* [Assignment]: Once you find the line containing "Russian Piano Accordion" in the data below, copy it and each following line exactly, up to and including the line containing "Seating area in", and nothing else.

::: The records :::

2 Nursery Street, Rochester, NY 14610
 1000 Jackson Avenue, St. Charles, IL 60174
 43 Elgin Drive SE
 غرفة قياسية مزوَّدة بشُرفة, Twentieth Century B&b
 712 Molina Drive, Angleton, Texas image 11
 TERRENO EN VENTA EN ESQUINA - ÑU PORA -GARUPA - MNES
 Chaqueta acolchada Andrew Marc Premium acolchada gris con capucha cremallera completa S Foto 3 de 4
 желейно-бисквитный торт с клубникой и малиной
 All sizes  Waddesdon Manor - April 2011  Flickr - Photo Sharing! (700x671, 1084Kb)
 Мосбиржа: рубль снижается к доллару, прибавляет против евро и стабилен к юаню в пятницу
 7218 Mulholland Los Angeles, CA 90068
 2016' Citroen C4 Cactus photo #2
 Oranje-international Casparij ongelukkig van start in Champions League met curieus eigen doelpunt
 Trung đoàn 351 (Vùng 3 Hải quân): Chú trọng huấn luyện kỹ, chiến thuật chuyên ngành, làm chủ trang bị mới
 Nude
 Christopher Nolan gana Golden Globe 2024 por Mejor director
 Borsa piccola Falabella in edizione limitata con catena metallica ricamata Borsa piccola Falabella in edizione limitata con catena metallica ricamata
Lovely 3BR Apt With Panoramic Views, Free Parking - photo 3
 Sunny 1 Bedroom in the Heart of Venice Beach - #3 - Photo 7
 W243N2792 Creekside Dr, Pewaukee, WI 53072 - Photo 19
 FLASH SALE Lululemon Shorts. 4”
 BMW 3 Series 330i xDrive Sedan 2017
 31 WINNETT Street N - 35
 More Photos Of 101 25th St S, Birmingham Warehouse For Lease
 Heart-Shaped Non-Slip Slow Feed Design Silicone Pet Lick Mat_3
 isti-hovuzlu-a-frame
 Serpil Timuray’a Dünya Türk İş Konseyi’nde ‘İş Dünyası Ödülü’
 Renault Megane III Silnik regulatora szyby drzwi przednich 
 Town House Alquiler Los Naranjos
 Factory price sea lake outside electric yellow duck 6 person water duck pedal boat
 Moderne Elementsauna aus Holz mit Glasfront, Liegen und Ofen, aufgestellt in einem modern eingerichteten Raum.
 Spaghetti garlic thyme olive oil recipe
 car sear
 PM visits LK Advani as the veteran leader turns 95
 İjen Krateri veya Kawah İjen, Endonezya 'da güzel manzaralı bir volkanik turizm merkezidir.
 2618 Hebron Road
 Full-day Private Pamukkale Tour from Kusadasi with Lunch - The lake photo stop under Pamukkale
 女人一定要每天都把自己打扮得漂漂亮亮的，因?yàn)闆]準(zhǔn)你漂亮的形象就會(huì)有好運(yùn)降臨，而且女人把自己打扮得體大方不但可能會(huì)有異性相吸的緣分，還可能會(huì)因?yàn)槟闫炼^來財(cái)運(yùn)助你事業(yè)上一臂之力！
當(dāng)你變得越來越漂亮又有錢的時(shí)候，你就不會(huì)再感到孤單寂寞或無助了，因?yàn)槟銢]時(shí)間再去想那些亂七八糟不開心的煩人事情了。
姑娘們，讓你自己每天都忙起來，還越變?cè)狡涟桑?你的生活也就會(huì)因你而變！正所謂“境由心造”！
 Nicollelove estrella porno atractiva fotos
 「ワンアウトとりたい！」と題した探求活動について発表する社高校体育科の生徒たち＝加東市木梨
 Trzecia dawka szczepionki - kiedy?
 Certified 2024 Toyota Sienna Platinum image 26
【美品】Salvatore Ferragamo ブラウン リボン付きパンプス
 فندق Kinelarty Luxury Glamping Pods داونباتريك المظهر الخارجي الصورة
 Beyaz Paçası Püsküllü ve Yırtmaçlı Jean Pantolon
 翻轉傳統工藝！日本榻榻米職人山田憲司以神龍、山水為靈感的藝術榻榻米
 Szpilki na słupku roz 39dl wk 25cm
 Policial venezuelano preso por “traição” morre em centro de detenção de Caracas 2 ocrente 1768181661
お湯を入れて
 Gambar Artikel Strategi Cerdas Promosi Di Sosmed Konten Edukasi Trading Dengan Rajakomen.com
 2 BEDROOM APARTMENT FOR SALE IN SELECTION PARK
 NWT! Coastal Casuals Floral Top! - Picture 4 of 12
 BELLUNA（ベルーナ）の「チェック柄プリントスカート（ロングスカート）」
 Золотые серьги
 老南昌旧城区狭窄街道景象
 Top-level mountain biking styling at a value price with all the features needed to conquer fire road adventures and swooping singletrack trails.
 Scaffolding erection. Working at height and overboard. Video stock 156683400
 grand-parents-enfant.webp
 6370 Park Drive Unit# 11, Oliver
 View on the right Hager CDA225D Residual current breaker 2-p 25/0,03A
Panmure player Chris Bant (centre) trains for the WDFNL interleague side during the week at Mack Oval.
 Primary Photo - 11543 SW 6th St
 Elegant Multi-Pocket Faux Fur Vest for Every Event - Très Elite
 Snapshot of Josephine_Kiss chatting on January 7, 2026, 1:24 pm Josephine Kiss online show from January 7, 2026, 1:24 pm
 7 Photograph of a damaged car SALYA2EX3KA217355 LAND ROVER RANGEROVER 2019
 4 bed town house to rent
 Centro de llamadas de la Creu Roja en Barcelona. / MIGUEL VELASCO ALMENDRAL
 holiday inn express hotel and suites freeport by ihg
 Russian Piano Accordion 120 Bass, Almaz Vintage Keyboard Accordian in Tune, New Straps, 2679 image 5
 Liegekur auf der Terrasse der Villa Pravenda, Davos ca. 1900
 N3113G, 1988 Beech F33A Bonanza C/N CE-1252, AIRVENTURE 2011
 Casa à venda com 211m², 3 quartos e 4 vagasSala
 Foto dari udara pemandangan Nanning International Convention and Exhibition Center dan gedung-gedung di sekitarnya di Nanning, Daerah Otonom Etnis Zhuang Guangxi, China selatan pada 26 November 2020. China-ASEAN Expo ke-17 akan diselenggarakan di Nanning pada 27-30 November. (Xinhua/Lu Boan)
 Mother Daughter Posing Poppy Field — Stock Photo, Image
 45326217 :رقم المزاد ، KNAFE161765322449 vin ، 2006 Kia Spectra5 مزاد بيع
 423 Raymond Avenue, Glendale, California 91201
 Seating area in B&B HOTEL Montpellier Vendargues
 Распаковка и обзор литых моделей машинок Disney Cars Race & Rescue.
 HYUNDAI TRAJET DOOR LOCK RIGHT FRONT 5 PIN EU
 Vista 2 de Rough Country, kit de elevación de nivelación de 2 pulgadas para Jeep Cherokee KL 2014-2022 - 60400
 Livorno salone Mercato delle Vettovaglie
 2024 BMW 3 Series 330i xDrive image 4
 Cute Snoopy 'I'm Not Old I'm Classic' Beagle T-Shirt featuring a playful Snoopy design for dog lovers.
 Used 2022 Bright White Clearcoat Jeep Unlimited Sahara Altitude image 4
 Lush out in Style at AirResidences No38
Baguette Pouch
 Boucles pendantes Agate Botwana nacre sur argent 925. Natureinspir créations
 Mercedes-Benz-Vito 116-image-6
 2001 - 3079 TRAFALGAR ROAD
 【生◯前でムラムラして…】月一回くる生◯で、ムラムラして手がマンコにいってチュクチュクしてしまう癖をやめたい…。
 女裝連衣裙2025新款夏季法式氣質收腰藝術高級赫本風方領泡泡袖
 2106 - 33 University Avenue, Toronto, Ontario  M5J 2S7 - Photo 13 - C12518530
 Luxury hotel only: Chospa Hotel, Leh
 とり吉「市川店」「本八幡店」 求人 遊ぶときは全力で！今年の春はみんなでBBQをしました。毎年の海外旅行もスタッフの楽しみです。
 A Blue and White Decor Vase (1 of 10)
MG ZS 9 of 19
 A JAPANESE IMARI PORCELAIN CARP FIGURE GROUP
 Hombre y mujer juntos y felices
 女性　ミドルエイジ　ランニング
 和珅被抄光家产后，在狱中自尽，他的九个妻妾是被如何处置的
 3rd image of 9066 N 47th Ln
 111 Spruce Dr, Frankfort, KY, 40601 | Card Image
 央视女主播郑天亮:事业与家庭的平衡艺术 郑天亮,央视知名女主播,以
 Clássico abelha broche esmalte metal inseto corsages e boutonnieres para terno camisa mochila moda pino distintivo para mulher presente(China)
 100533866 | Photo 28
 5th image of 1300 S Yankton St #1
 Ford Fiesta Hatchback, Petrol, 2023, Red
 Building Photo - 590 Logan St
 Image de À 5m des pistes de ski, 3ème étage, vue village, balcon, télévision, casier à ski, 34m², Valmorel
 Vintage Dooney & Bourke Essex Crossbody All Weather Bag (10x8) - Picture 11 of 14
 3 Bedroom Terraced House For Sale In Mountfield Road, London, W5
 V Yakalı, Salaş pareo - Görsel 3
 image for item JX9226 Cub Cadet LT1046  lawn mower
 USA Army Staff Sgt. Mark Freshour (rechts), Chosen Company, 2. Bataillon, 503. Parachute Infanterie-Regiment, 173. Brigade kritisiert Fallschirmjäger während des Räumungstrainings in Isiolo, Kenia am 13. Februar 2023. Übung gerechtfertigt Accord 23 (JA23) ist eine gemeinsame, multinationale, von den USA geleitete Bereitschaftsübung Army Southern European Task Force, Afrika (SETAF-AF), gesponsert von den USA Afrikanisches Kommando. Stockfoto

:::

* [Response box]:
 Russian Piano Accordion 120 Bass, Almaz Vintage Keyboard Accordian in Tune, New Straps, 2679 image 5
 Liegekur auf der Terrasse der Villa Pravenda, Davos ca. 1900
 N3113G, 1988 Beech F33A Bonanza C/N CE-1252, AIRVENTURE 2011
 Casa à venda com 211m², 3 quartos e 4 vagasSala
 Foto dari udara pemandangan Nanning International Convention and Exhibition Center dan gedung-gedung di sekitarnya di Nanning, Daerah Otonom Etnis Zhuang Guangxi, China selatan pada 26 November 2020. China-ASEAN Expo ke-17 akan diselenggarakan di Nanning pada 27-30 November. (Xinhua/Lu Boan)
 Mother Daughter Posing Poppy Field — Stock Photo, Image
 45326217 :رقم المزاد ، KNAFE161765322449 vin ، 2006 Kia Spectra5 مزاد بيع
 423 Raymond Avenue, Glendale, California 91201
 Seating area in B&B HOTEL Montpellier Vendargues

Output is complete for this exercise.